Bunu itiraf etmekten nefret ediyorum ama fikir bir yayıncıdan geldi. On bir yaş ve üstü için bir fantezi kitabı yazmamı istedi. “Çocuklar için hiç yazmadım, nasıl olur bilmiyorum” dedim. Sonra eve gidip çocuklar hakkında düşündüm. Oğlan çocukları. Bir oğlan büyü yapabilen sakallı bir adama nasıl dönüşüyor? Ve kitap ortaya çıktı… Tekrar düşününce, Ged'in hiçbir zaman sakalı olmadı.
Yerdeniz üçlemesinin daha derin boyutunu her zaman takdir etmişimdir, özellikle de yaşam ve ölümün doğasının tasavvur edilişini. En Uzak Sahil'de Ged'in ölümden sonra yaşam hakkında Cob'a verdiği mesaj: “Burada toz ve gölgeden başka bir şey yok. Orada ise o, toprak, güneş ışığı, ağaçların yaprakları, kartalın uçuşu. Yaşıyor. Ve ölmüş olan herkes, canlı…” Bu bende yer etti, babam öldüğü zaman benim için çok büyük bir teselli oldu.
Bunu söylediğiniz için teşekkür ederim. Yerdeniz Büyücüsü İngiltere'de piyasaya çıktıktan kısa süre sonra bir bilimkurgu dergisinde hakkında bir eleştiri yazısı çıktı. Eleştirmen kitabı “teselli edici” ve “cesaretlendirici” olmakla suçlamıştı. Tamam, eğer teselli yapaysa, cesaret temelsizse böyle bir eleştiri haklıdır, peki ama teselli ve cesaret, tanımları gereği yapay, temelsiz, aptalca, gevşek, anlamsız, çocukça? duygusal mıdırlar? Yazarlar sadece zalim dürüstlükleriyle tehdit etmek, dehşete düşürmek, bunaltmak için mi varlar: Dürüstçe umut vermeye hakkımız yok mu?

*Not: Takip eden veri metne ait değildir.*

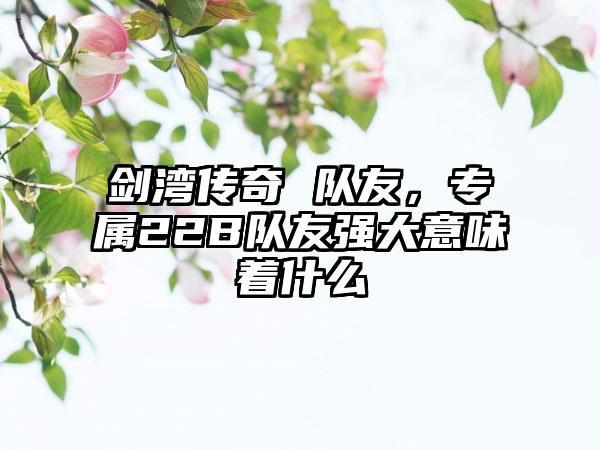 剑湾传奇 队友,专属22B队友强大意味着什么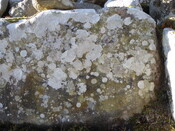 C02B04F2-3CA0-4E6F-BEF67930D88DDBA6_photographs_3.JPG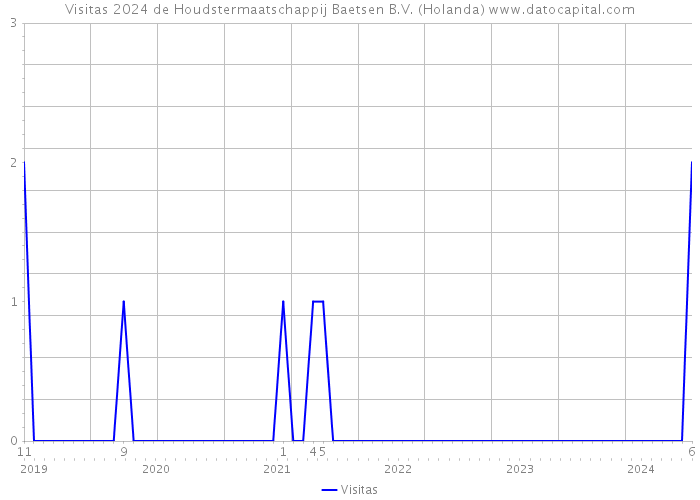 Visitas 2024 de Houdstermaatschappij Baetsen B.V. (Holanda) 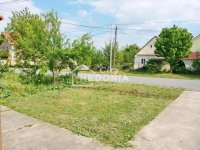 Nekretnina: Dobanovci, kuća, 4.0, 36 ari plac, odmah useljiva ID#9420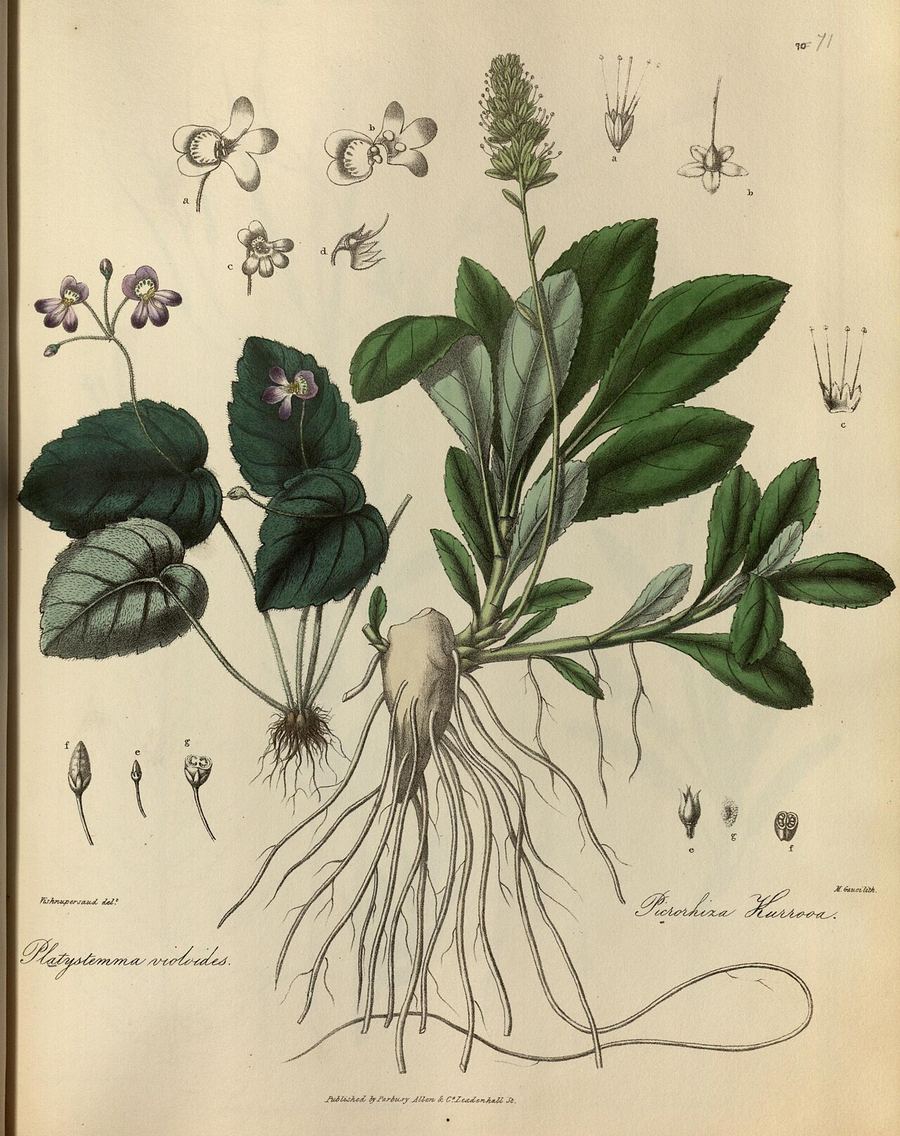 Kutki, Picrorhiza kurroa. Botanical plate: Illustrations of the botany and other branches of the natural history of the Himalayan Mou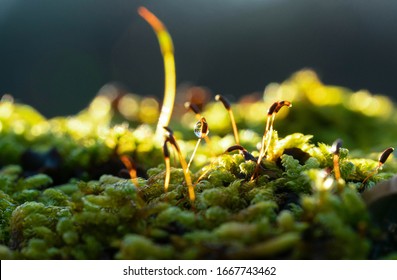 Close Up Macro Photo Of Moss Stems Or Bryophyte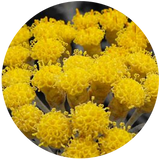 Helichrysum (Helichrysum italicum) Essential Oil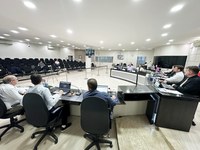 Câmara aprova aumento de recursos para atendimento veterinário a animais de famílias carentes e resgatados em São Lourenço do Oeste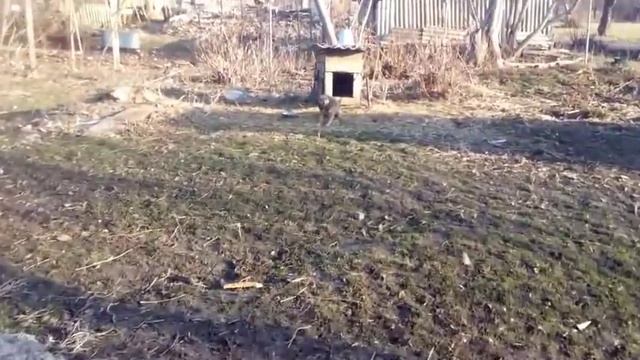 Козы, овцы, коровы, всё хозяйство на мне)) временное пополнение хозяйство)) смотреть онлайн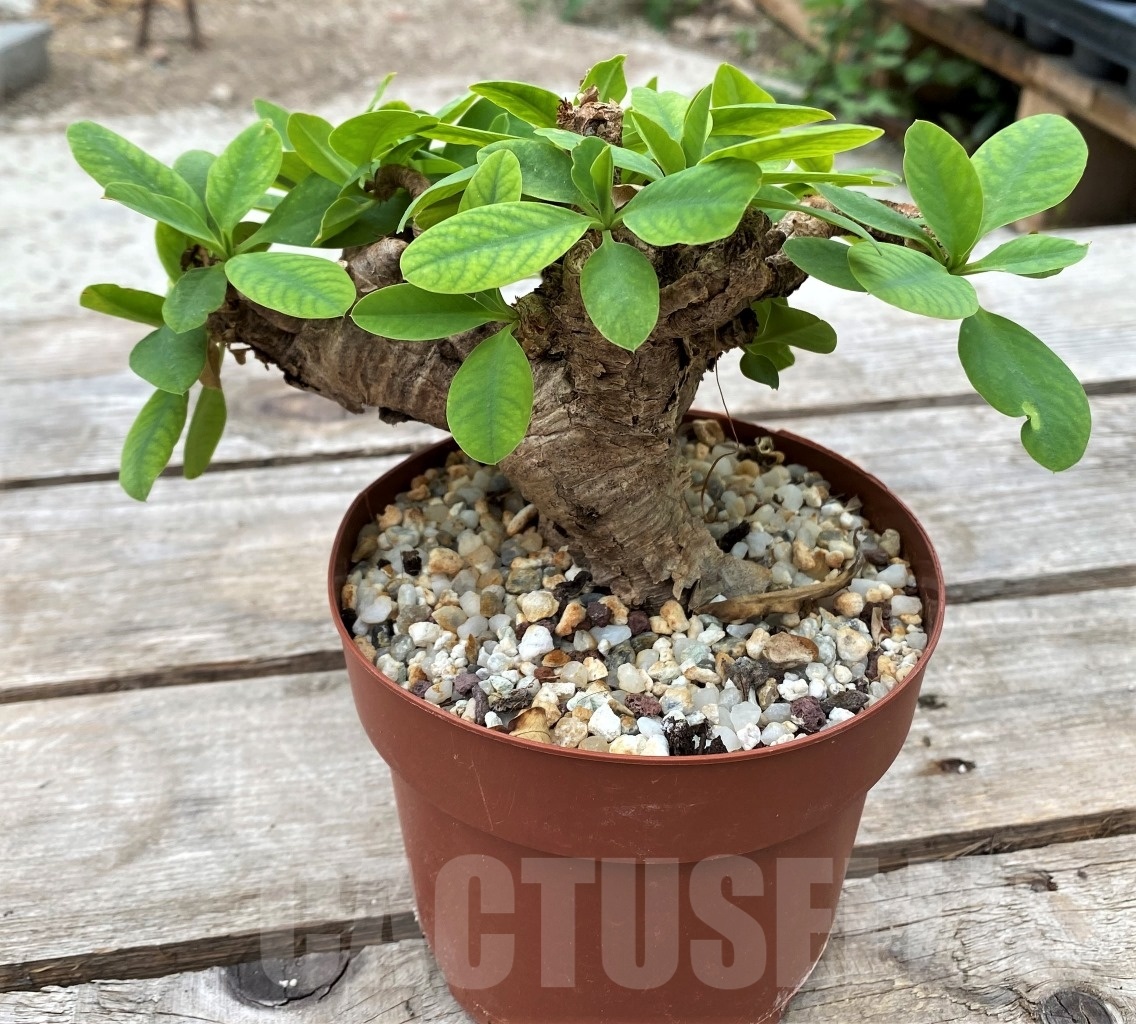 SHPR11787 Euphorbia quartziticola -Itremo, Madagascar-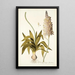 Ornithogalum lacteum - Nikolaus Joseph Freiherr von Jacquin — framed artwork on a wall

Eleştirmene mektup yazıp ne düşündüğümü ve bu konuda Tolkien'in de bana arka çıkacağına inandığımı söyledim. O da bana kibar bir cevap yazdı, kitabın çocuklar için yazılmış olduğunu göz önünde bulundurmamış olduğunu söyledi. Anladığım kadarıyla çocukları teselli etmeye izin var ama yetişkinleri yok.
Sanırım bu tavır şöyle garip bir inançtan kaynaklanıyor: Ortalama okuyucu o kadar mutlu, o kadar enayice inançlı, o kadar aptalca güven dolu ki ortalama yazarın yegâne vazifesi okuyucusunu hayatın zor ve acılarla dolu olduğuna ve hiçbir teselli bulunmadığına ikna etmek. Benim tanıdığım çoğu yetişkin, hayatın zorluklarının zaten farkındalar ve sanattan bu bilgiyi hem onaylamasını hem de bir umut teşkil etmesini bekliyorlar.

Seneler önce Endonezya'ya seyahat ettim. O takımadanın Yerdeniz'in ilham kaynağı olabileceğini düşündüm. Eğer değilse, nedir?
Hepimizin aklında takımadalar olduğunu düşünüyorum.
Yazdıklarınızın çoğu, kurgulanmış toplumlar üzerine yapılmış antropolojik çalışmalar olarak tanımlanabilir. Babanızın bir antropolog olduğunu biliyorum; hâlâ antropoloji okuyor musunuz ve özellikle takdir ettiğiniz antropologlar var mı?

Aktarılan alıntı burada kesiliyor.